LLNL / LEAP

comprehensive library of 3D transmission Computed Tomography (CT) algorithms with Python and C++ APIs and fully integrated with PyTorch
https://leapct.readthedocs.io
MIT License
99 stars 10 forks source link

Reconstruction Speed Issue of LEAP #99

Open winguphehe opened 2 weeks ago

winguphehe commented 2 weeks ago

I am a new user of LLNL/LEAP. And I encountered the speed issue. I use it for cone beam CT reconstruction of 2048 projections with image size 3072 3072, the output volume size is 3072 3072 * 3072. I use a NVIDIA 3090 with 24GB GPU memory. The computer has 128GB memory. While the speed is relatively slow. The computation consumes almost 8000 seconds. My question is, can I accelerate the calculation and how? Thanks a lot!

1) how many chunks should I make to calculate for many steps based on the GPU and CPU memory configuration. 2) Can I write a C++ program to call the functions directly to accelerate the execution because python language is relatively slow 3) Which algorithm is fastest, FBP or SIRT or some algorithm else? 4) Some times the iterative algorithm will make the computer dead and How do I deal with it? 5) is there any iterative algorithm that run online when scanning is in process to accelerate the overall speed? 6) the chunkated FBP_gpu will run out of gpu memory very easily even when I set the number of chunks to be 128.

    #initialization code is not listed. 

    device = torch.device("cuda:" + str(leapct.get_gpu()))

    g_chunk_gpu = torch.from_numpy(g_chunk).to(device)
    f_chunk_gpu = torch.empty(f_chunk_cpu.shape, dtype=torch.from_numpy(f_chunk_cpu).dtype, device=device)

    f_chunk_gpu = leapct_chunk.FBP_gpu(g_chunk_gpu, f_chunk_gpu)
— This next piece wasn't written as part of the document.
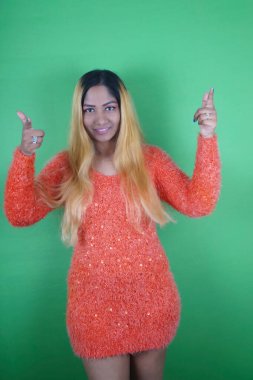 Gülümseyen kadın yeşil arka planda dururken, Nikita Dev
    f_chunk_cpu = f_chunk_gpu.cpu().detach().numpy()
    del g_chunk_gpu
    del f_chunk_gpu
    torch.cuda.empty_cache()
    torch.cuda.empty_cache()
kylechampley commented 2 weeks ago

I just got two comments that seems like some kind of spam attacks, so I deleted them. @winguphehe I'll respond to you post tomorrow. Thanks for posting it and I think I can help resolve your issue, but it is late, so I'll respond later.
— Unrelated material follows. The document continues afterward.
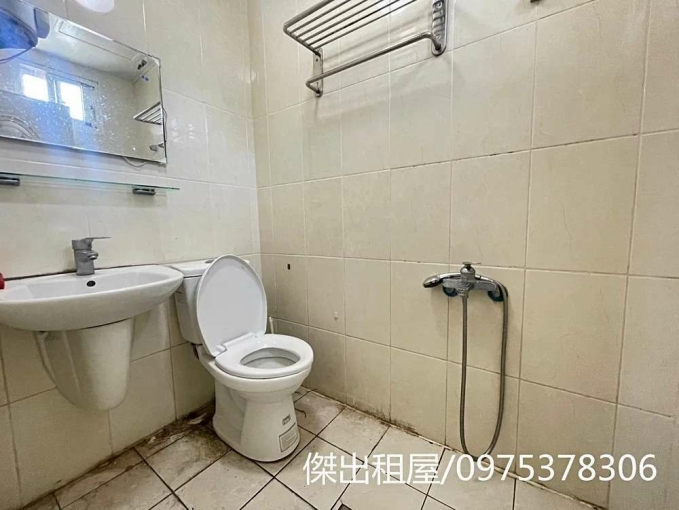 傑出租屋/室內機車位,專人倒垃圾,有電梯 - Image 3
kylechampley commented 2 weeks ago

It depends on a few factors, but FBP is 10-1000 times faster than iterative reconstruction. Also, iterative reconstruction requires somewhere between 2 and 5 times more memory. Your data is very large and since you have so many projections, it seems like using FBP is the best place to start. Your iterative reconstruction is likely hanging because it is trying to use too much memory.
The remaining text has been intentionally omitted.